According to Mastering Bitcoin chapter 4 Hardened child key derivation, the master key is protected.
As a best practice, the level-1 children of the master keys are always derived through the hardened derivation, to prevent compromise of the master keys.
So special care is made by wallets to protect that key specifically. Knowing the child indices, entropy, and child keys don't expose the master key as long as you keep the master key itself secure.
The chapter goes on to explain the normal child derivation's associated risks, but those are xprv keys.
Edit:
HMAC-SHA512
index -->|HMAC- |
master -->|SHA512 |-->lt 256 bits --> + index + master --> child key
chain -->| |-->rt 256 bits -----------------------> chain
This is how I reimagined the diagram from chapter 4:
The parent public key, chain code, and the index number are combined and hashed with the HMAC-SHA512 algorithm to produce a 512-bit hash. The resulting hash is split into two halves. The right-half 256 bits of the hash output become the chain code for the child. The left-half 256 bits of the hash and the index number are added to the parent private key to produce the child private key.
This didn't show the resulting addresses, but the text describes their
behavior as identical to random addresses.
Source Code
https://github.com/btcsuite/btcutil/blob/master/hdkeychain/extendedkey.go
170 starts comments describing how the IsPrivate flag is assigned.
For a hardended child, it must derive from extended private key.
https://github.com/btcsuite/btcwallet/waddrmgr/wallet.go
2029 shows the BIP0044 HD structure
being defined by using the 44 + hdkeychain.HardendKeyStart (upper 2^31 range) value
m/44'/<coin type>'/<account>'/<branch>/<address index>
https://github.com/btcsuite/btcwallet/blob/master/waddrmgr/address.go
316 newManagedAddressFromExtKey we know IsPrivate is true and calls newManagedAddress
on 286 which generates the pub address using the same logic from public key at 301:
ripemd160( sha256( publickey ) )
where the publickey is elliptic-curve paired to prv
I believe the EC property is still what makes the resulting addresses irreversible.

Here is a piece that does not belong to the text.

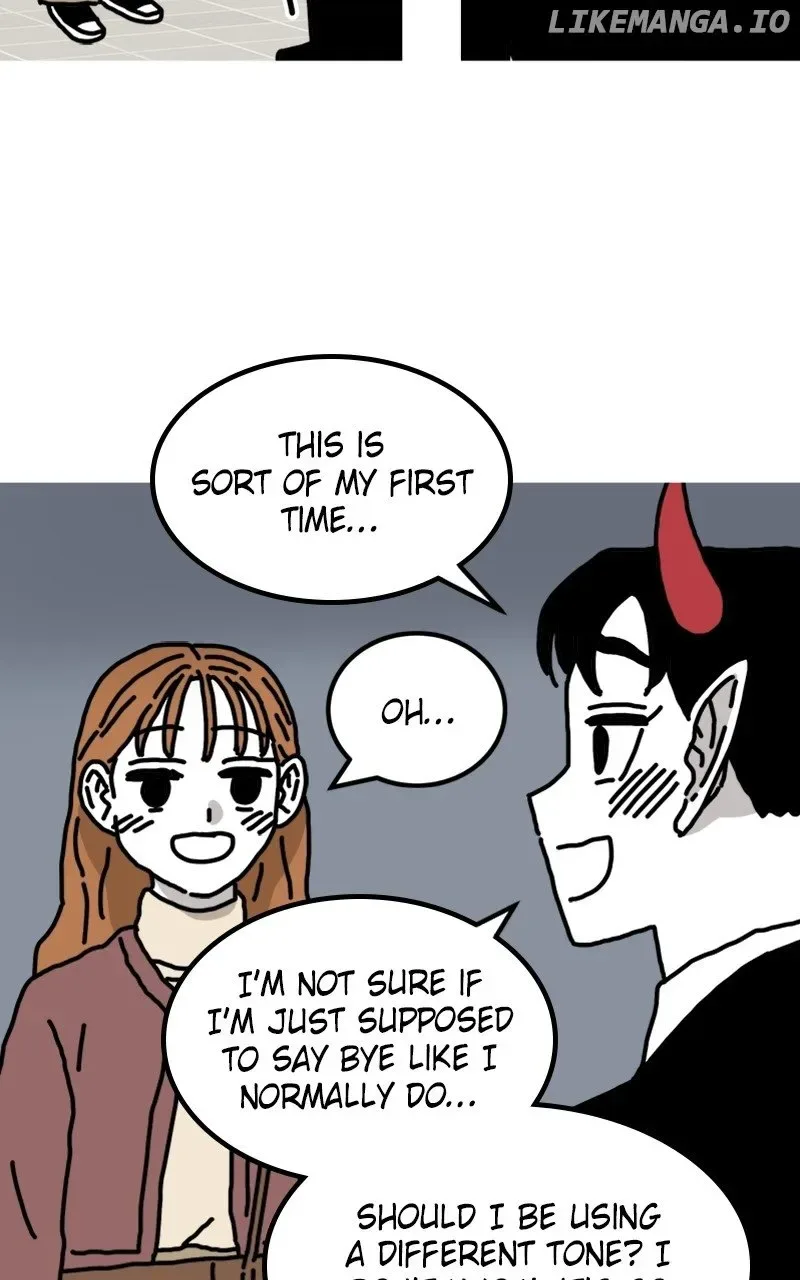 Hell of a Romance Chapter 44 page 21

Looking at the identifier notation, you can make guesses about common values:
m/44'/0'/1'/1/1
Assuming this is a very common HD wallet identifier, the other inputs are the root
seed and the pass phrase.
Collecting Significant Pool of Addresses
With the EC property, no amount of addresses collected can be reversed-hashed, then
reversed-EC'd to obtain the private keys.
So then the work could be to iterate through all possible inputs (seed, pass-phrase)
with the common
BIP0044 HD identifiers, and compare results to the collected addresses. Not trivial task.
Another layer of protection I can see, is to fan out at the child of the index:
m/44'/0'/1'/1/1/<here>
Import that public key to the online wallet. At each branch, you are increasing the
possible addresses by 2B. If the online wallet in turn generates a child per user,
that person only ever "collects" addresses for his/her branch; 2B addresses and
still they will not see addresses for a sibling user.
Reversing here only reveals the public key, another deterrent.